Heat is the transition film from the classic Warhol style of My Hustler (1965), Lonesome Cowboys (1968), Chelsea Girls (1966), and Flesh (1968) into Morrissey’s genre period abroad where he’d direct Flesh For Frankenstein (1973) and Blood For Dracula (1974). Heat is Morrissey’s final film that feels at all “underground” as he moves away from the budget restraints and general milieu of that particular film culture. One could even view Trash as the dress rehearsal for Morrissey’s matured style as it emerged from under the shadow of Andy Warhol to assert itself on its own terms.

Paul Morrissey’s style is pretty unique and a personal favorite of mine amongst the pantheon of the “great auteurs”. Morrissey adores the Hollywood films of the thirties through to the mid-fifties where tinsel town was an actual dream factory of sorts. Morrissey’s movies embrace the poetry inherent to these plastic monoliths of entertainment, recreating the cinematographic gestures and cues of these self-assured classics but on a small scale. In a kind of loving homage Morrissey revels in the hollow beauty of melodramatic spectacle where he finds that the glitz and glamour of old Hollywood is in fact synonymous with debauchery of the youth movement in the post-war period.

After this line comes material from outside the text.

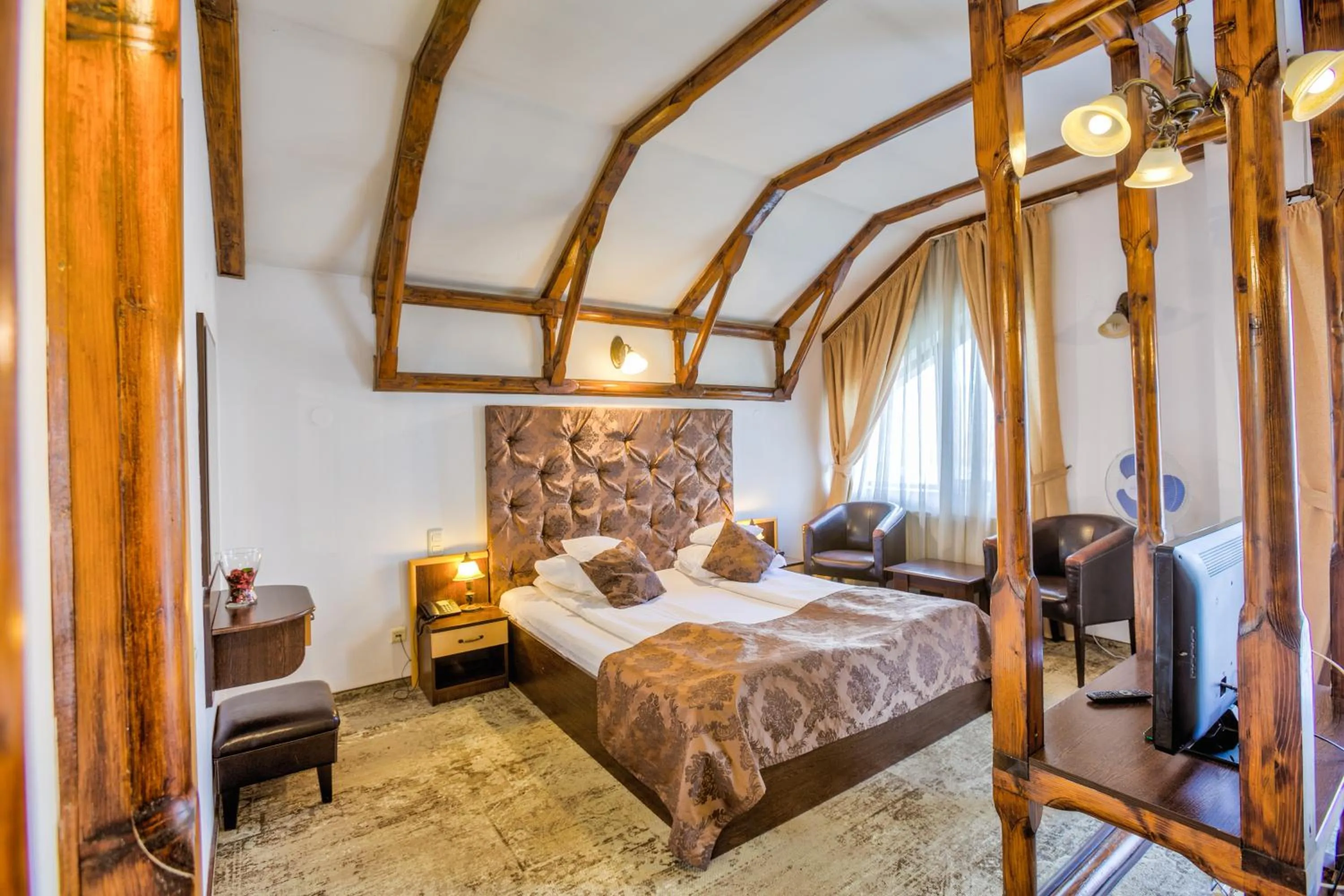 Bedroom, Bed in Pensiunea Ambient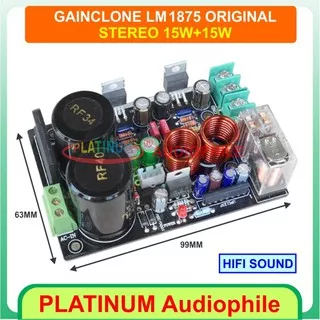 LM1875 Amplifier Gainclone 2x30W Original Hifi Amplifier LM1875 2x30W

Morrissey’s style as a director is then turned onto characters representative of this demographic as a kind of weapon designed to pinpoint the hypocrisy of such a self-absorbed society of popular culture. Joe Dallesandro, in seemingly countless variations, is forever the victim of such a society and in turn the perfect leading man for Paul Morrissey’s cinema of moral excess and depravity. In Flesh Dallesandro is treated like a starlet of old until he is objectified into cinematic oblivion. In Trash Dallesandro is the impotent and flaccid “tough guy” protagonist whose moral ambiguities ultimately strip him of all his false machismo revealing a creature that exists entirely in the fantasies of those around him. By the time Morrissey makes Heat the Dallesandro character, now known as Joey, is little more than an object discarded by the Hollywood movie machine when he’s proven to no longer be useful; sentenced to an eternity as a pool side stud.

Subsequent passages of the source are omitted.